Imho, the only long term solution for oils, in a teotw scenario, is lard. All oils have a shelf life, and once it's gone, it's gone, unless you have a way of making your own. Maintaining a small number of hogs (and protecting them thru the initial year of hunger from the hordes) would guarantee you a source of cooking fats.

Sure someone out there has the equipment to squeeze oil out of plants, but that involves multiplicities of detail (farming/raising the crop {powered by hand tools}, unless you've gone big time and can make your own biodiesel, harvesting, processing, etc.). Lard is easier... kill a hog, wild one preferably, and boil down the fat... Uneducated backwoods folks have been doing this for millenia.

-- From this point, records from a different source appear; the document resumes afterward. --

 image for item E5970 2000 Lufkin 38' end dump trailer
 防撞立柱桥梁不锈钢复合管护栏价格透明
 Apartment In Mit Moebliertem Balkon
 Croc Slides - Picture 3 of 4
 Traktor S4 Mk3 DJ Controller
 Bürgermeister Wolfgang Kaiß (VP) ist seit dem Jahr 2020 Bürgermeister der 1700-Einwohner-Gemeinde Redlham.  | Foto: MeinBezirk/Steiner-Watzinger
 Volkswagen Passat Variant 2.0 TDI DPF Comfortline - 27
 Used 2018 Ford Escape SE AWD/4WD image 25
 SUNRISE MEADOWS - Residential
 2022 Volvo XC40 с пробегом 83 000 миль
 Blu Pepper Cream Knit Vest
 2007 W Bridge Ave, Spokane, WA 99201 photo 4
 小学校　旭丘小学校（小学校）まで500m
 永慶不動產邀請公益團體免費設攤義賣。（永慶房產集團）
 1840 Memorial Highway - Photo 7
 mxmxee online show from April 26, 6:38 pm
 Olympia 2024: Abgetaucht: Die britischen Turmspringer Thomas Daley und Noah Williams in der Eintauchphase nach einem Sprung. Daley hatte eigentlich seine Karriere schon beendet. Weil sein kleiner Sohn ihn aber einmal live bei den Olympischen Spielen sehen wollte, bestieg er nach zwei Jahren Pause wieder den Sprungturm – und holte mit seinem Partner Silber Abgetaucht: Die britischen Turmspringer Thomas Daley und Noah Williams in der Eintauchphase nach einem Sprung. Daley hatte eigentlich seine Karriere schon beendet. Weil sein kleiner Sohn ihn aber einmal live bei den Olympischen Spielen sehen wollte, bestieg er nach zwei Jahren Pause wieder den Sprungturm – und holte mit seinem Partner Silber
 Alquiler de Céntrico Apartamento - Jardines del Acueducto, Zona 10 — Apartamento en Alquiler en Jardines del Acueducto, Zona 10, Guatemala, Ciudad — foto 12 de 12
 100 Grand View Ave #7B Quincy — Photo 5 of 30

I use to save my fats, and use them for cooking. I've got to where I probably throw away 20 to 50 lbs of fat each week. I'll throw a slab of pork fat in my pot of pressured cooked pork, to have that weeks lard supply (scoop it off the top once refrigerated).

I don't know if eating fats that have went 'off' would make you sick or not. Imagine if your starving for fats, some bad fats would be better than no fats. Hope I don't have to learn this the hard way!


----------



## Becka03 (Mar 29, 2009)

I save all the drippings from bacon in the fridge- I have noticed it doesn't go bad even after like a yr as long as i keep it in the fridge... 
any other thoughts?
I know when things go rancid- as i know the smell-


----------



## Harry Chickpea (Dec 19, 2008)

Saturated fats last longest, monosaturated fats like peanut oil next longest, unsaturated and the others less. The more saturated, the less reactive. Rancid oil may not kill, but it is said to really deplete the body of certain nutrients.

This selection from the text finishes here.